2012年04月11日
Pixivと株式会社インパクトの共同企画が許されるべきではない理由
|こちらの件。正直、初見では簡単に善悪の付く問題ではないかもしれないな、と思った。Pixivでオリジナルイラストを集めてそれでカードゲームを作るという企画自体は上手くすれば面白いものになるかも?とも思うし、確かに応募要項は怪しげだが、こういった要項に過剰防衛的なお約束文言が入るのは、まあ良くないこととは言え良くあることでもある。実際に額面通りに運用されるようなことはまずないし…とも思ったのだが、同社が2011年の8月に同様の企画を立ち上げており、その顛末を調べるにつれ、これは許されざる邪悪な行為だと確信したので、あえてブログ記事にすることとした。
最低限の約束すら守っていない
まず外堀を埋めておこう。2011年8月に開催されたアルティメットセブンイラストコンテストの応募要項に次のような一文がある。
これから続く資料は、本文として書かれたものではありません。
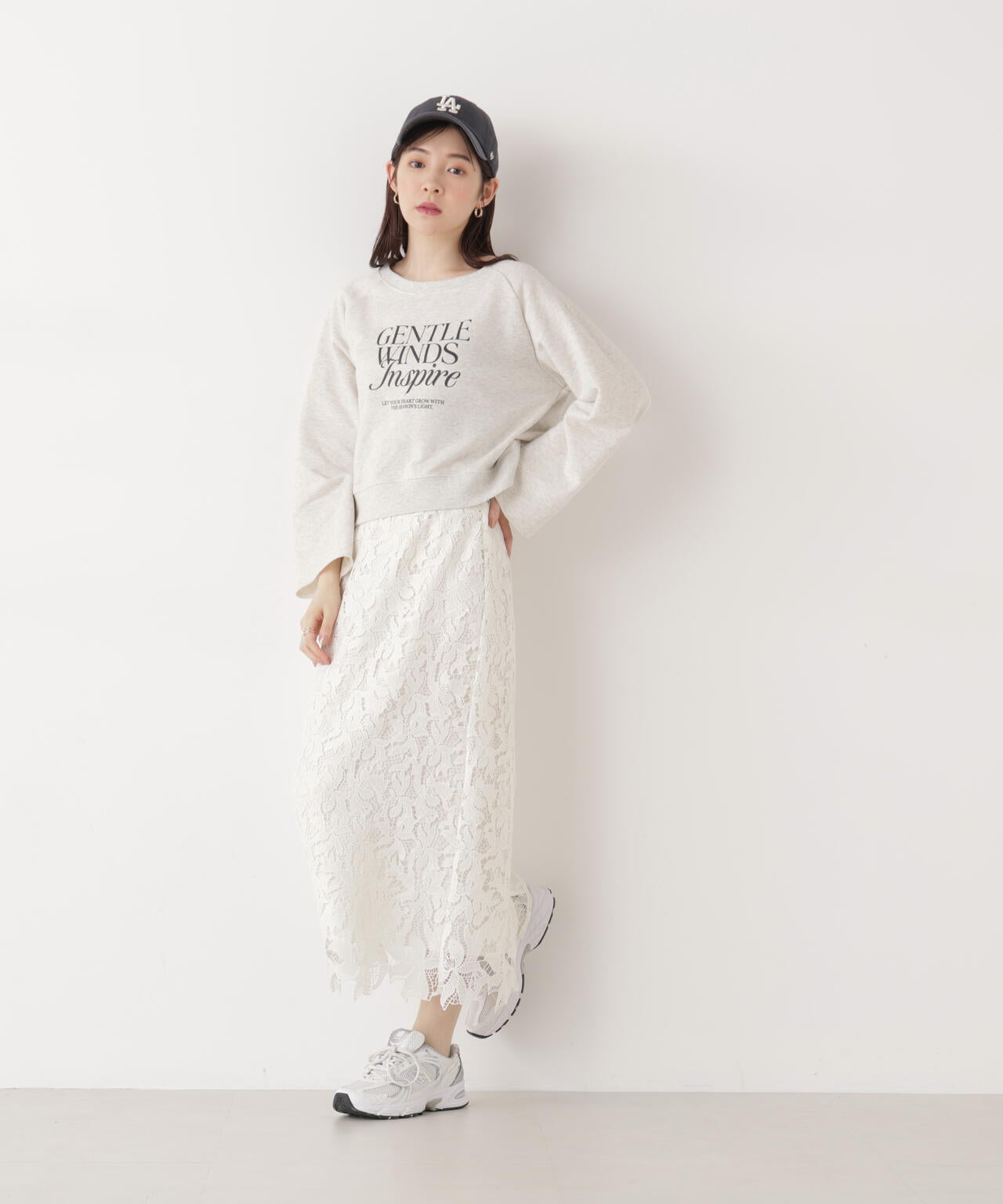 <ウォッシャブル>〈a/mie〉ラグランロゴトップス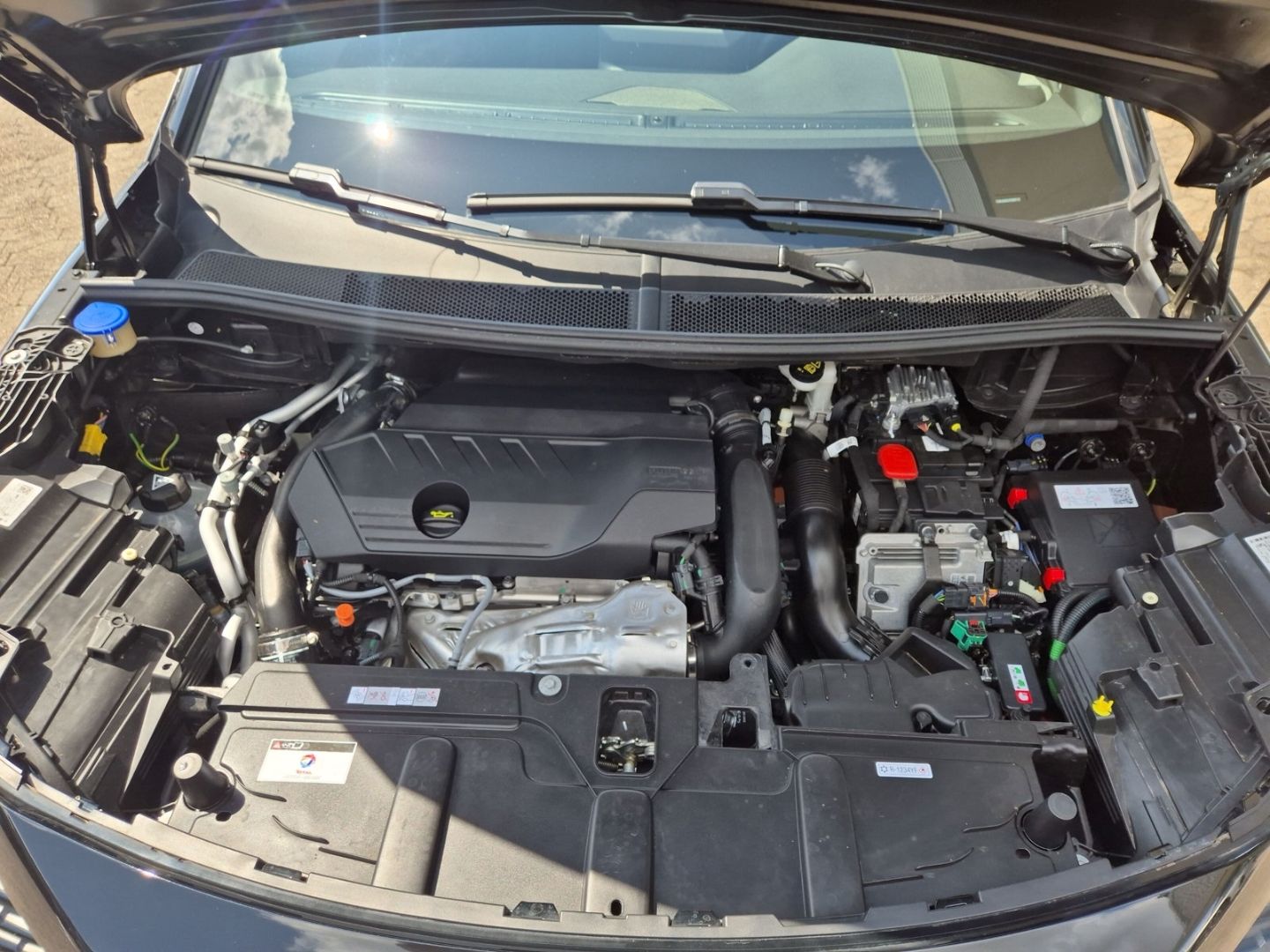 Fahrzeugabbildung Peugeot 3008 Hybrid4 300 GT 1.6 El. Panodach Navi Digita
[pixiv] 【公式企画】アルティメットセブンイラストコンテスト 応募要項
(4)投稿者へ審査結果を個別にお知らせすることはありません。なお、本コンテストの結果発表は、当社ホームページにおいて行われます。優秀賞受賞作品においては、投稿作品およびpixivのペンネーム、採用作品においてはpixivのペンネームが本サービスに掲載されます。
どのような形で発表されているのかとホームページを隅から隅まで見てみたが、結果発表のページがどこにもない。入賞作はおろか優秀作の掲示すらどこにもない有様。いったいどうなっているのかと更に調べたところ、結果発表自体はPixivのお知らせページで行われていた。が、そこで更に驚愕の一文を目にすることになる。
[pixiv] お知らせ - 「アルティメットセブンイラストコンテスト」受賞作発表
今回のコンテストでは大変優秀な作品が多く、多数の作品が入選いたしました。大変数が多く全ては掲載しきれないため、その中の一部だけご紹介させていただきます。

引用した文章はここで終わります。